The bills (which now go to the full House) were sponsored by Representative Kenneth Kurtz (R-Coldwater) in the Michigan House Committee on Families, Children, and Seniors. Kurtz  told Right Michigan in 2009, “I have always been in support of the traditional family and family values. This is the best for our children and their future.”
Michigan already prevents same-sex couples from adopting jointly, although two lesbian moms of three are challenging that law.
Equality Michigan, the state’s LGBT advocacy organization, notes that “the bills acknowledge that denying a couple based on religious or moral convictions does not imply ‘that the proposed adoption is not in the best interests of the adoptee.'” In other words, even if the proposed adoption is in the best interests of the children, an agency could prevent a couple from adopting.
Yes, I do believe that private agencies have the right to make their own rules (even if I don’t like them)—but as Equality Michigan notes, “the bills protect public funding for agencies choosing to discriminate.” That’s wrong.
Equality Michigan and Howard Dean’s Democracy for America are collecting signatures against the bill.

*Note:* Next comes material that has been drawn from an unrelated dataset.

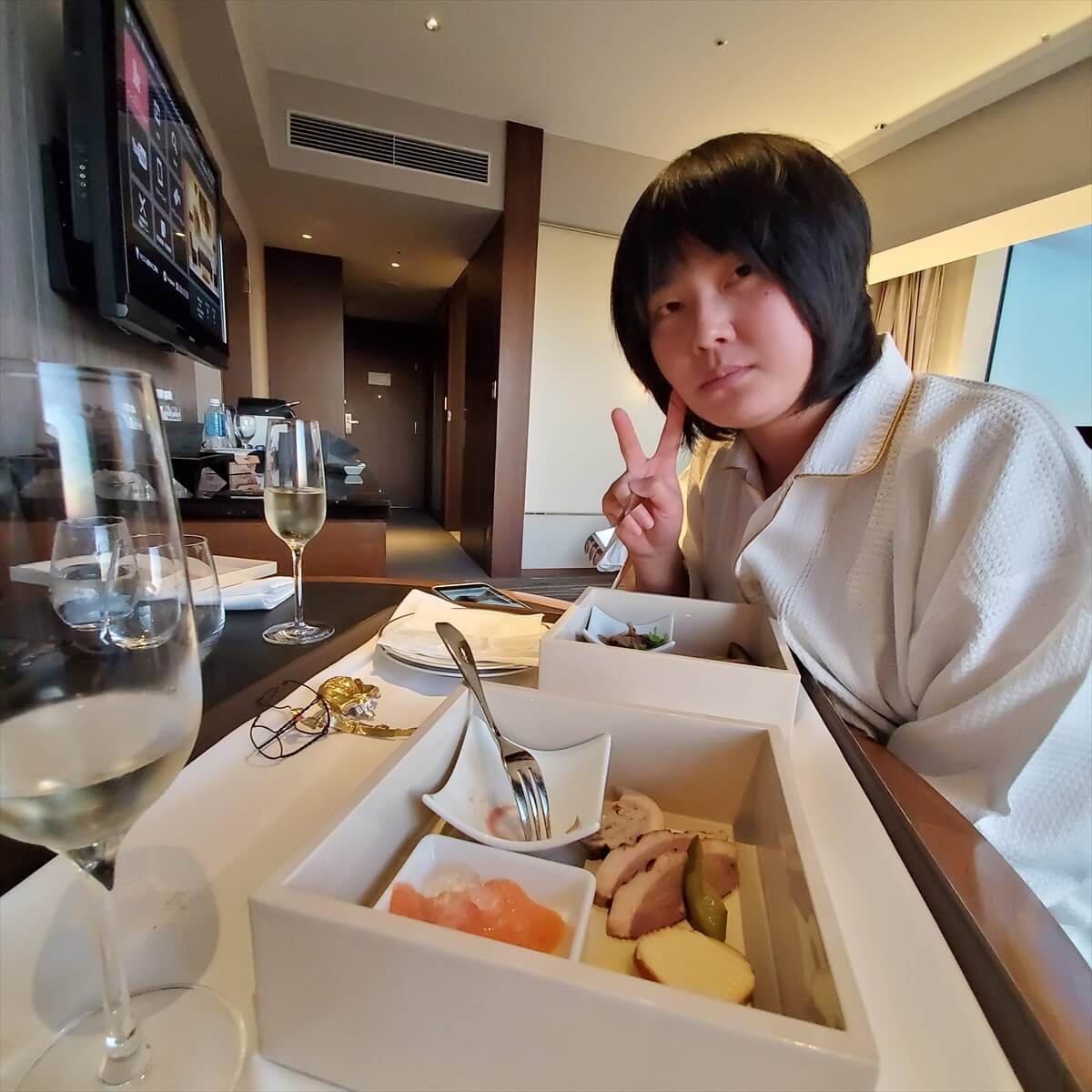 ウェスティンホテル仙台のラウンジ代替サービスのオードブルを食べるりっちゃん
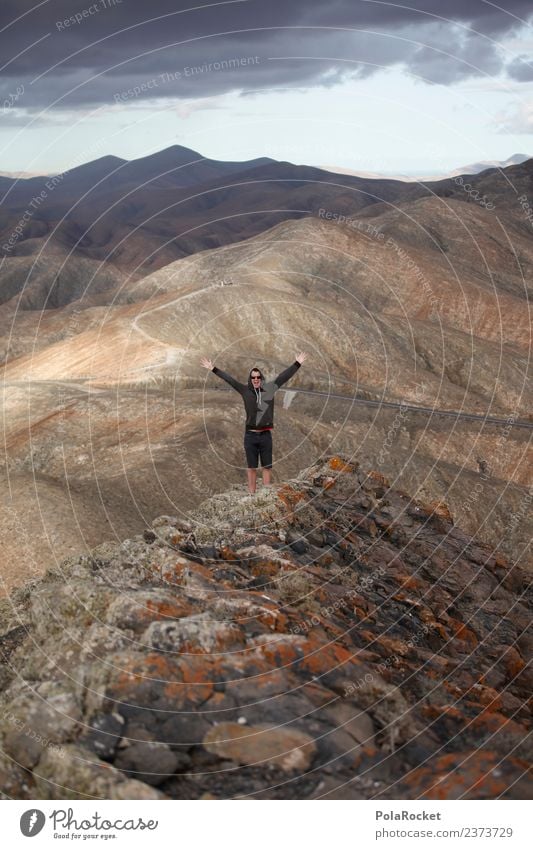 #AS# hoch hinaus Kunst ästhetisch Gipfel Landschaft Berge u. Gebirge Gipfelkreuz Jugendkultur Junger Mann Applaus fertig Ziel Fuerteventura Farbfoto mehrfarbig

They’ll send them on to the Michigan House.
I have hope not only because of the 10,000 e-mails already sent in opposition to the bills, but because families like Diego and Kent Love-Ramirez have spoken out at hearings (and brought their son), as in the video below.
For more on how bills and laws like this hurt children, see “Finding Children Forever Homes: LGBT Foster & Adoptive Families” from the Movement Advancement Project.
This is so sad. So many children can grow up in a loving home, but are refused because of such blatant prejudice! This is a step backwards, but the fight will continue. Being a parent is about loving a child- who has the right to say what child you can love, what person you can love?